I would have contacted the GW. You have every right to try, within reason to recover a wounded animal. A GW will come and 90 % of the time, contact a landowner and try to recover your animal with minimal threat to all. Had a guy up north say ,no ,you can't come on my property to get your deer and the gw was called and the guy cried, but I got my deer. Maybe the GW should contact the guy and see if there's any venison in his freezer !! Just all landowners should be respectfull of a hunter that is just doing the right thing. You did the right thing as far as requesting permission to recover your deer, just didn't go far enough. Good Huntin to all, Mike


----------



## Deadwood (Mar 22, 2005)

hole-in-da-water said:


> There is actually a law on the books that says a landowner is not liable when someone is on their land recreationally. Only when money is exchanged is the landowner liable. I would imagine that the same protection would extend from illegal trespassers as well.
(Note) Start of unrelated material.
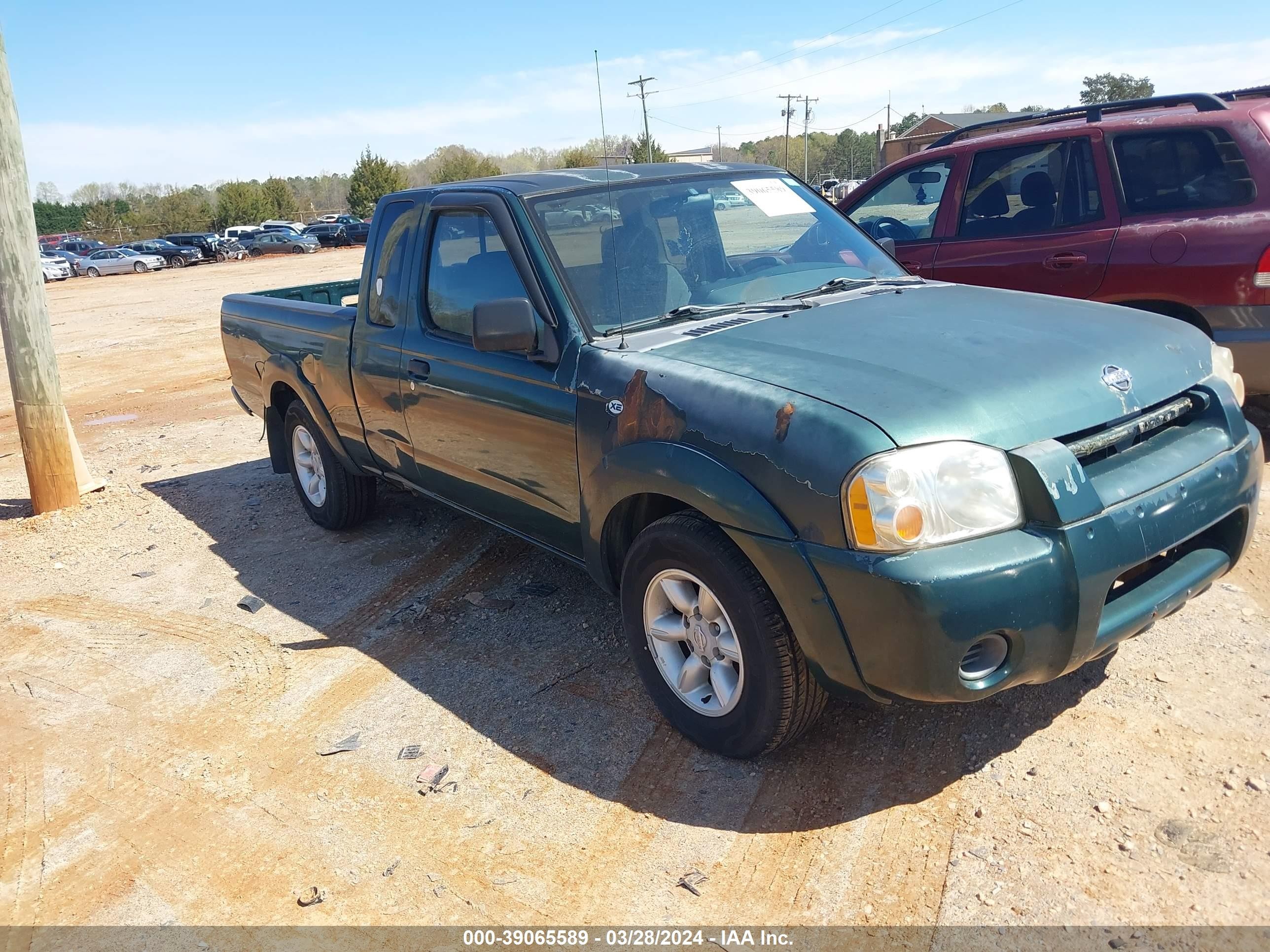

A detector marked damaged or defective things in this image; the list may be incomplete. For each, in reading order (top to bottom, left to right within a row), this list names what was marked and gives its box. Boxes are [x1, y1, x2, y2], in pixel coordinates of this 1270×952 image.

I have did several searches for this law, can't seem to find it. Do you have a link.


----------



## PapawSmith (Feb 13, 2007)

rrtresp28 said:


> I dont understand why this man would not even here what i had to say. I hope the coyotes find the deer and eat his pets when they are outside taking a dump.(


I usually don't like it when things don't go someones way and they conclude their story with a vengeful comment, but this one was outstanding.
It's sometimes difficult to understand how people develope the piss poor attitudes towards others that they do. No telling what this morons history is with hunters and/or tresspassers but it's suprising that he would handle it the way he did when you did the right thing by asking permission. Oh well.
I agree with the suggestion that, if it were to happen again to others, contact the Game Officials. I would like to think that most Wardens, if they are available, would like to help someone retrieve their animal in that situation. Also, people are often more willing to reason with authority figures.
Sorry about your deer, there are lots more out there.


----------



## Bassnpro1 (Apr 6, 2004)

maybe he had something to hide on his land? You never know now of days.


----------



## rrtresp28 (Sep 6, 2006)

Thanks for the comments. if it ever happens again i will call the GW right away. Thanks. jb


----------



## Nailer639 (May 1, 2006)

Hey DaleM 
You'll be hard pressed to find any threads that are posted just to complain or bitch about a subject.


----------



## c. j. stone (Sep 24, 2006)

I've seen the law printed several times prior to hunting season in the Sports Section of the Akron Beacon Journal. I even cut out a copy once and carried it to a guy on a neighboring property to where I hunt who shared your concerns(he'd give me "verbal" permission but wouldn't "sign" anything!) Long story short, he still wouldn't give written permission!! In any case, please call your local game warden and ask him if the law exists-just for your own peace of mind. It's in there somewhere.


----------



## sporty (Apr 6, 2004)

It's listed on the permission form provided by the ODNR. Oh my, I was thinking this was maybe 4-5 years ago. ORC 1533.181 "Effective Date: 09-29-1995". Time flies when you're getting old.


Ohio Revised Code 1533.181: Exemption from liability to recreational users
(A) No owner, or lessee, or occupant of premises:
(1)Owes any duty to a recreational user to keep the premises safe for entry or use;
(2)Extends any assurance to a recreational user, through the act of giving permission, that the premises are safe for entry or use;
(3)Assumes responsibility for or incurs liability for any injury to person or property caused by any act of a recreational user.


----------